Again, smoke arose from their union, summoning an intoxicating scent that triggered Adam’s mouth to begin salivating.
Releasing her arm, the man drew another deep breath and blew across her skin, scattering the ashes of what moments prior had been a wound Adam was sure would soon take the child’s life. Droplets of blood pocked her pristine skin, their origin trailing down the man’s chin.
Adam stared at the man’s hand until it was safely stowed again beneath the sheet.
“Thank you,” he whispered, matching stares with the man. Though the tattoos made him look menacing, he had the wondrously warm eyes of a child, like gently stirred vats of rich chocolate.
Adam reached out tentatively, preparing to touch the sheet covering the man’s dwindling body, then paused. He didn’t want his tactile senses to spoil the illusion if the man weren’t actually real.
“Newman!” a voice shouted from outside.
Adam looked up in time to see Peter Keller burst through the tent flaps.

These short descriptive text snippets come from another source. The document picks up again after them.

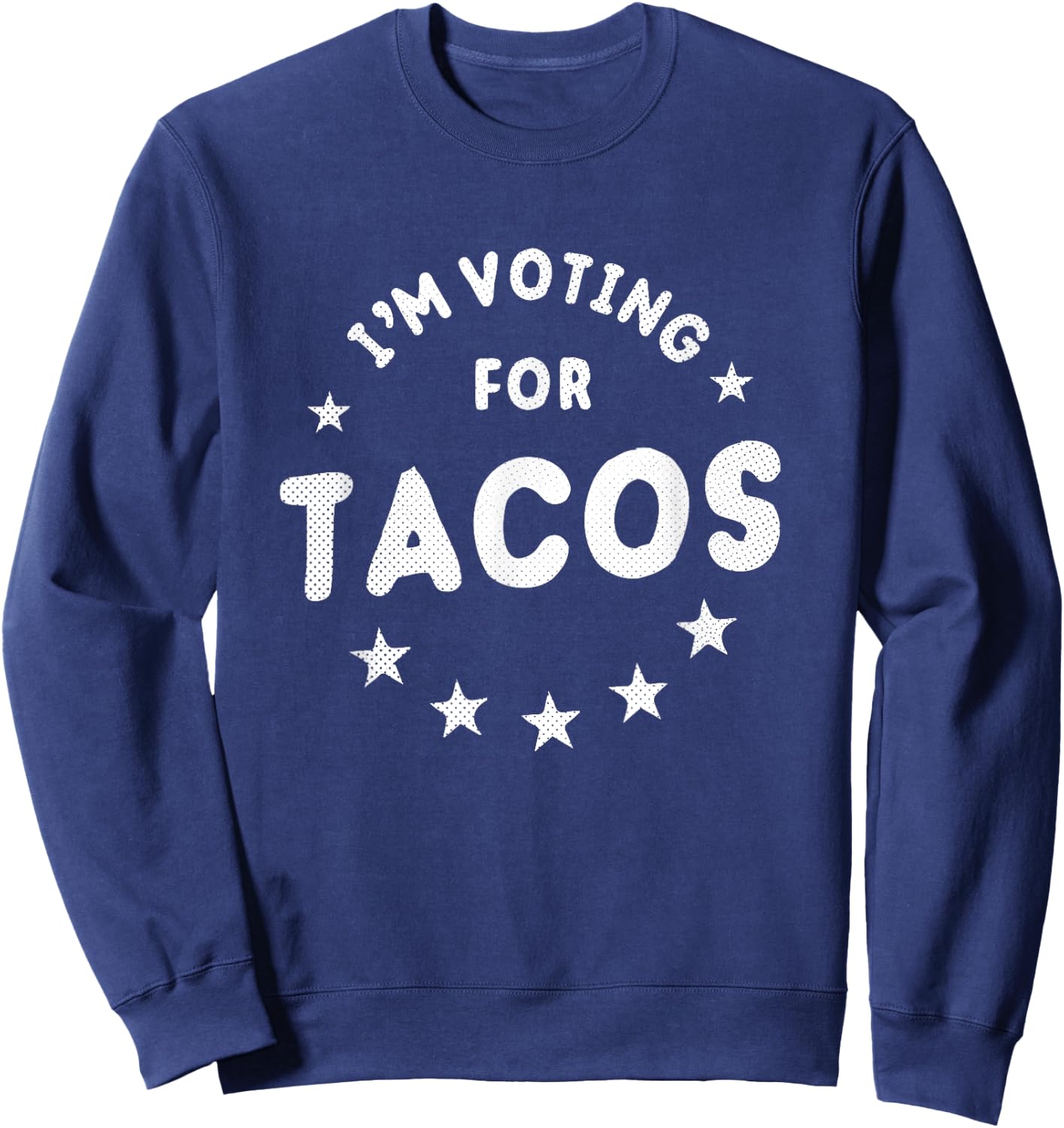 I'm Voting For Tacos | Vote Tacos Election Shirt Sweatshirt - Sweatshirt | Navy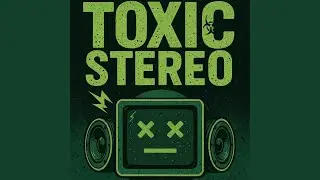 Toxic Stereo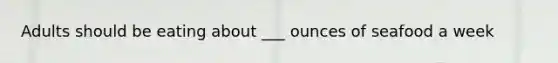 Adults should be eating about ___ ounces of seafood a week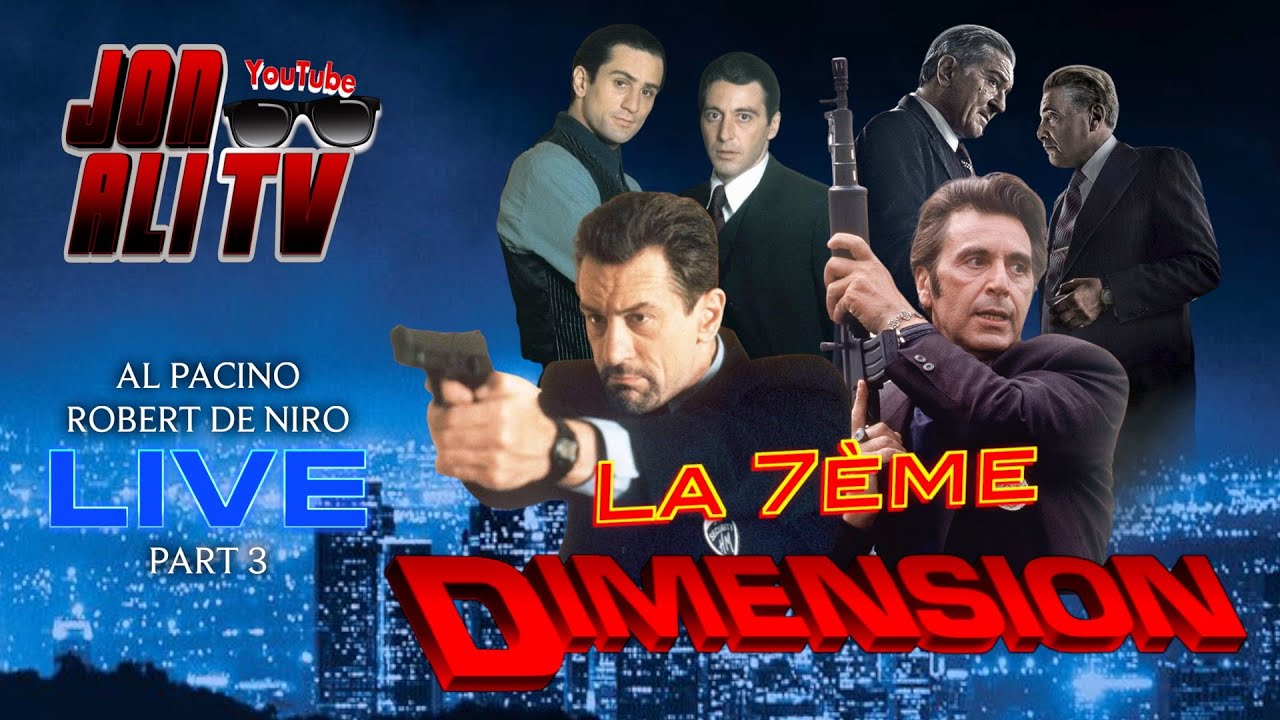 LA 7ÈME DIMENSION 🌀 AL PACINO VS ROBERT DE NIRO PART 3 🔥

He had a rough-hewn jaw that appeared to be chiseled from granite and black eyes like chunks of coal framing a nose broken a few too many times. His face was sheet-white in contrast to his deep black crew cut. Though he looked like the stereotypical grunt, he was their information specialist, running the gamut of duties from communications to recon with the hopes of entering the FBI Academy when his tour ended.
The large veins to either side of his neck bulged and pulsed.
r /> “You’ve got to see this!”
* * *
The command tent was half the size of the others so as to make it appear less significant to any insurgent factions or aerial reconnaissance. There were only three chairs set in the middle, so Adam and Keller sat on the floor in front of the others, focusing their attention on the open laptop set on their reserve drum of water.
Behind, the radio communications crackled with static, having come alive with activity shortly after midnight. It was a secure channel, and even then, orders were coded. A sudden surge in relays always indicated that something big was about to happen.
Topographical maps detailed from satellite images lined the walls.
“Oh my God,” Thanh Vu gasped. She was sitting behind Adam with both hands clasped over her mouth, repeating those three words like a mantra. Stateside she had been a surgical intern and a reservist. At five foot three and a hundred pounds after a big meal, she wasn’t a typical military gal, but she could wield a scalpel like no one Adam had ever seen.
Lieutenant Roy Kimball sat next to her, his fatigues thick with dust from heading the construction of the windbreak. His entire face was thick with dirt, save for an oblong stretch around his eyes like a raccoon’s, where the goggles dangling around his neck had shielded them. He still wore his camouflaged helmet, sand sifting from the edges to fall onto his shoulders with each slight movement. Customarily boisterous and commanding, lest someone forget who was in charge, he hadn’t said a word since Adam had entered the tent.